Jazz musician Troy Andrews, aka Trombone Shorty, is out with a new album called “Lifted,” which is inspired by New Orleans. He grew up surrounded by music in the Tremé neighborhood, marching through the streets in brass band parades as a kid. In 1990, at age 4, he played at the New Orleans Jazz and Heritage Festival, thanks to Bo Diddley bringing him to the stage. Earlier this month, he closed out that same festival.
Today, Trombone Shorty is a cultural staple of New Orleans. He’s worked with Ringo Star, Lenny Kravitz, Bruno Mars, and numerous other stars. He’s also played at the White House and all over the world. His new album is called “Lifted.”
Trombone Shorty tells Press Play that until he was a teenager, he thought everyone everywhere was surrounded by music in their neighborhoods, and that it was just normal to play songs.
He was born into a family of musicians. His grandfather, Jessie Hill, wrote songs in the 1960s, including the hit “Ooh Poo Pah Doo.” Trombone Shorty’s career got started thanks to his brother, James Andrews, who took him all over the world and gave him his stage nickname.
“Even though I'm much taller than my horn now, everybody still calls me that [Trombone Shorty]. I go by that. We have — may you rest in peace — Tuba Fats (Anthony Lacen). And everybody has a nickname here [New Orleans].”
He says many of his younger family members, particularly cousins, play across New Orleans, but they don’t get a chance to perform together unless it’s at a funeral. And he wants to change that so they all can perform in celebration of life and music.
Trombone Shorty emphasizes that whenever he plays music now, it’s a tribute to his mother Lois Nelson-Andrews, who passed away last year.
“She never traveled. She’s never been on a plane.

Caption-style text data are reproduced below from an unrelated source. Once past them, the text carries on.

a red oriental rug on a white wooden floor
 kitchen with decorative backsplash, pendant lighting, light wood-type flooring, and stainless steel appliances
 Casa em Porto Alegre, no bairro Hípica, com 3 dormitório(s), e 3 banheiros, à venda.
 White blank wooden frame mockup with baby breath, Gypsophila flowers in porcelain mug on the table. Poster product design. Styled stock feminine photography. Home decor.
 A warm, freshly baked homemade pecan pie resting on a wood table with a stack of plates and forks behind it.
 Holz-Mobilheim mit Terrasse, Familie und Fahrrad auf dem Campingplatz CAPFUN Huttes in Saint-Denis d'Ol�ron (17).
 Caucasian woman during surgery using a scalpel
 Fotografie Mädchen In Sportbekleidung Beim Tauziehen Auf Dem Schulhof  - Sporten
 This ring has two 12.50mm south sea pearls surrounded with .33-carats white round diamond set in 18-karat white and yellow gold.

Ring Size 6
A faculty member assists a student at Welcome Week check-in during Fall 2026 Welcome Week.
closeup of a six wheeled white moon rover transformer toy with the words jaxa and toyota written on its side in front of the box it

So she will always live through me whenever I travel around the world. So I always had my road manager take videos of us on stage all over the world. So I can send it to her, she can see where we were and how many people we were playing in front. And just try to make her proud.”
He says his worldwide success became mind-blowing to her. “What I'm doing today, I don't think that the people in my neighborhood or my mom, they haven't seen anything like that. … ‘I just thought that you would be a regular brass band musician’ — that's what she told me. So for her to see the things that I'm doing today, it was unbelievable how excited she was because she never saw that far.”
How did Trombone Shorty become bigger than the other musicians in his family and community? He says he knew at an early age that natural talent could only take him so far. So he got an education at the New Orleans Center for Creative Arts.
“I just took music very serious. … I would call my teachers at any time at night and just continue to learn. And then out of high school, I joined Lenny Kravitz’s band, and then that took my mind to a different level. So I think the most important thing is that I was always open-minded and always willing to learn, and go find different things that I had no idea about.”
Trombone Shorty is passing down his knowledge too. His Troy Andrews Academy teaches music to students every Monday.
“I realized after the storm, after Katrina, that I may be one of the only people left that grew up with that type of musical community. So I just wanted to make sure that other kids … can see my experience. … I created the foundation and the academy. So not only do we teach them music, we teach them audio engineering, we teach them the music business too.”
He adds, “More people in New Orleans are cherishing the culture because they realize now that it doesn't happen anywhere. So whenever we do a second-line parade, or we have some type of celebration with music, you'll see people come in record numbers. Because it just took something like that [Hurricane Katrina] for those people to realize that this is a special magical city, and it's not everywhere.”
Trombone Shorty will perform at the Hollywood Bowl on August 10.